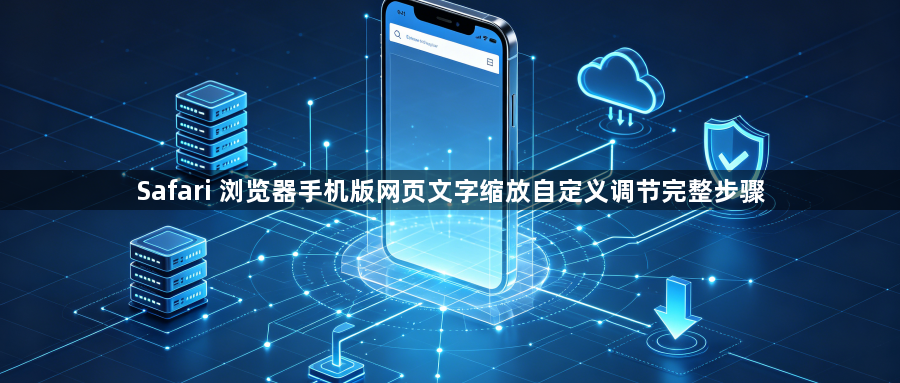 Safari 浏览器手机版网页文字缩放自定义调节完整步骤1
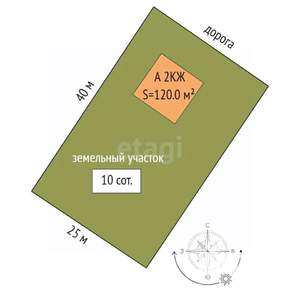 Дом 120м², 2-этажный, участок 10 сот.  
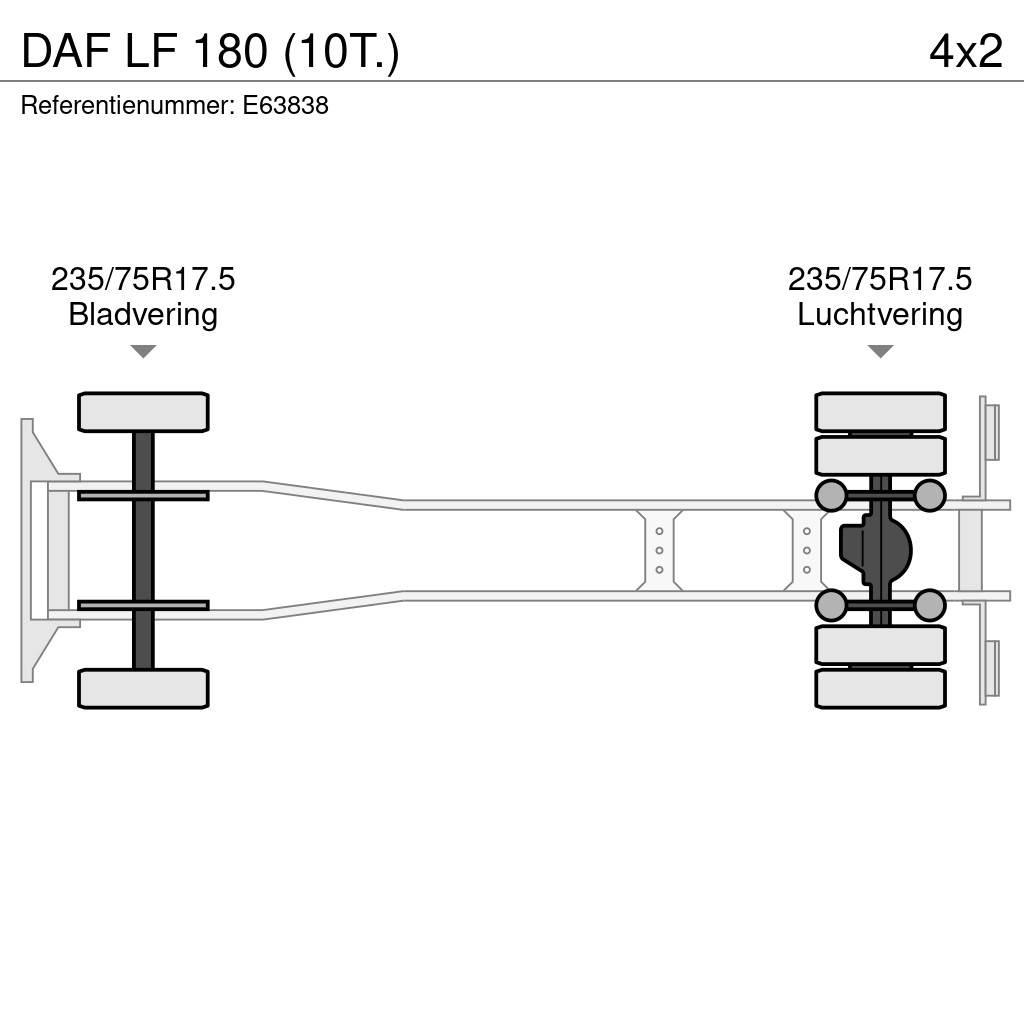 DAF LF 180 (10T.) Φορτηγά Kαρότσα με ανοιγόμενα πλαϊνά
....
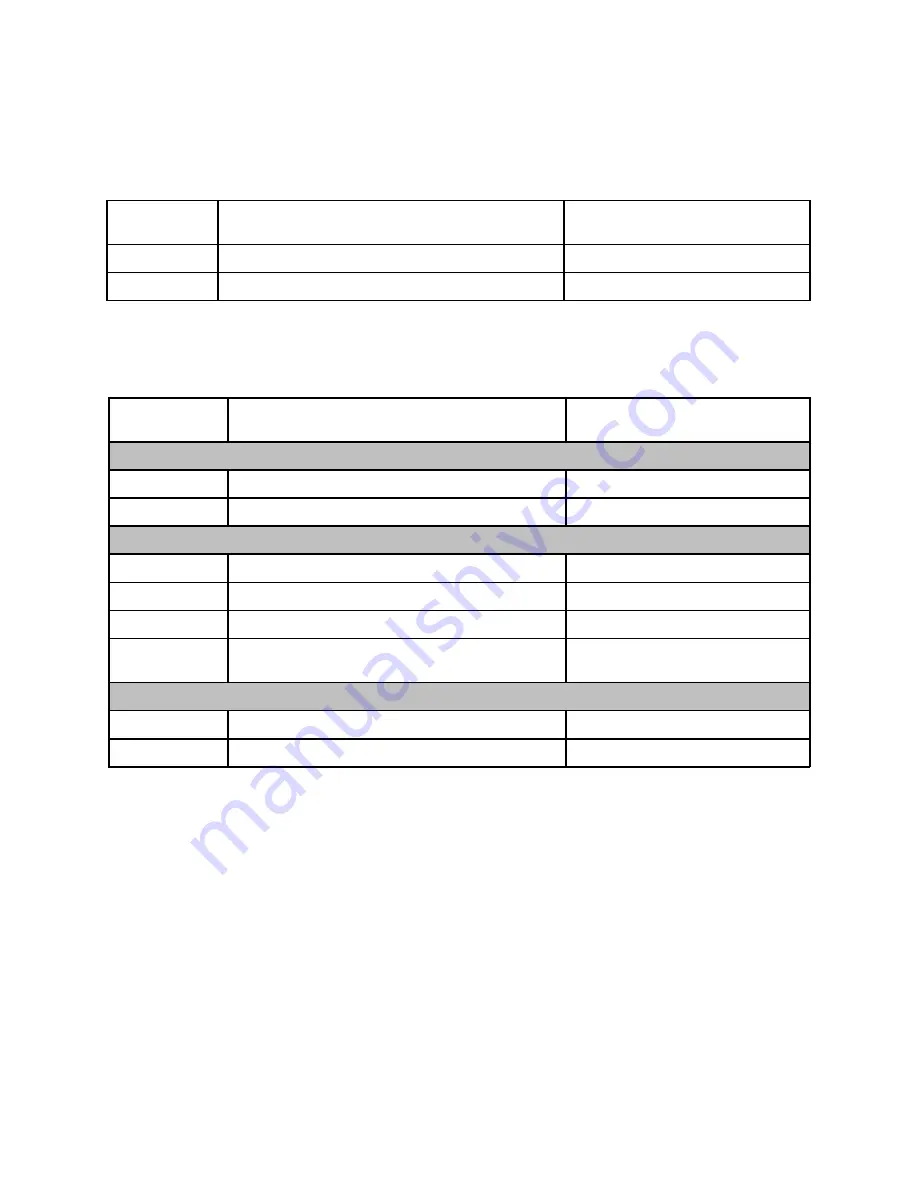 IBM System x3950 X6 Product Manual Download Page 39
....
- TASK PROMPT: After locating "Дом 120м², 2-этажный, участок 10 сот." and "DAF LF 180 (10T.)" in the records above, return exactly the line holding each one and every line between them; leave out the pictures.

- FINISHED TASK:
 Дом 120м², 2-этажный, участок 10 сот.  
 DAF LF 180 (10T.) Φορτηγά Kαρότσα με ανοιγόμενα πλαϊνά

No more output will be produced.